千夜一夜物語で名医と女奴隷タワズートの論議でタワズートは、アダムについて「アダムという名はウドマーつまり小麦色の顔色から」と説明している。生物学的にヒトはサルから進化したとされる。そこで白人の先祖はチンパンジー、黒人の先祖はゴリラ、黄色人種の先祖はオラウータンと言った人があった。それぞれの動物の皮膚の色をみれば確かに一致するが正しくはない。
黄色人種なのに日本人は白い肌が好きだ。敵国のものは全てダメだという戦時中でも「従軍看護婦」を歌った軍歌に「真白き腕をさしのべて・・」と黄色人種にはない肌の色が出ても問われることはなかった。
いま、美白時代になっているが、イタリアはアンチ美白で「なぜ美白がいいの?」と聞いてくる。美白化粧品に用はなく、むしろ肌を焼くことに務めている国もあるのだ。
美女といえばクレオパトラ・楊貴妃・小野小町と日本では言う。
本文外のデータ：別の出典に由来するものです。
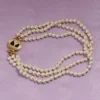 Collier ovale en métal, émail, perles et cristaux Swarovski® Collier ovale en métal, émail, perles et cristaux Swarovski®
クレオパトラの肌が同郷のマケドニア人のように白かったのか、ギリシャ人のようにオリーブ色だったかは判らないが、仮に白でなければ、世界の三大美女?は有色人種ということになる。
ところで旧約聖書というものがある。英語訳は1611年にジェームスT世の勅令でヘブライ語から訳されたものだが「顔を彩り」というところが「列王紀」下(9章)にある。ところが、その風習はなかったという考えから戦後に改訳された新英語聖書では「目に彩り」に変わった。目を彩るために使った色はグリーンである。なぜグリーンかといえば生命の素と信じられた血液が流れる血管の色はグリーンにみえる。つまり、大切な目をグリーンに彩ることによって、あの世に行ったときに再び命を取り戻すことができると古代エジプト人は信じていたのだ。マカライト(孔雀石)を粉にして使っている。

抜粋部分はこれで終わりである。